SUPPLIED MATERIAL START
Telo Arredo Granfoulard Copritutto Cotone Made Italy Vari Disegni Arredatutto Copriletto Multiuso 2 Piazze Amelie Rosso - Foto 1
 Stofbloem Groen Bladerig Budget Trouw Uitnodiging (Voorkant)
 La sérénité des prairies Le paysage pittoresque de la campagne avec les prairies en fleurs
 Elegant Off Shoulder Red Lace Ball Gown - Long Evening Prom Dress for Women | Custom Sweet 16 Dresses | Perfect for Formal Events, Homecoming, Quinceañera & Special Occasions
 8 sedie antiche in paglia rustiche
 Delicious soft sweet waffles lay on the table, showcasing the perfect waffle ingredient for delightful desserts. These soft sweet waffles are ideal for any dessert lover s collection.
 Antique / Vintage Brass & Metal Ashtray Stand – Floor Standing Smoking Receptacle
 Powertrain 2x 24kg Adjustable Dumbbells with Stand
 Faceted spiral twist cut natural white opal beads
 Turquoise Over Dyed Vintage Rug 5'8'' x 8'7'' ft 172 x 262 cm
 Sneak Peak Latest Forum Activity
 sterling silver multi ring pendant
SUPPLIED MATERIAL END
#### EXERCISE AIM
From the entries above, print the lines beginning at the one with "8 sedie antiche in paglia rustiche" and stopping after the one with "Delicious soft sweet", exactly as written and with nothing else.

#### WRITTEN REPLY
 8 sedie antiche in paglia rustiche
 Delicious soft sweet waffles lay on the table, showcasing the perfect waffle ingredient for delightful desserts. These soft sweet waffles are ideal for any dessert lover s collection.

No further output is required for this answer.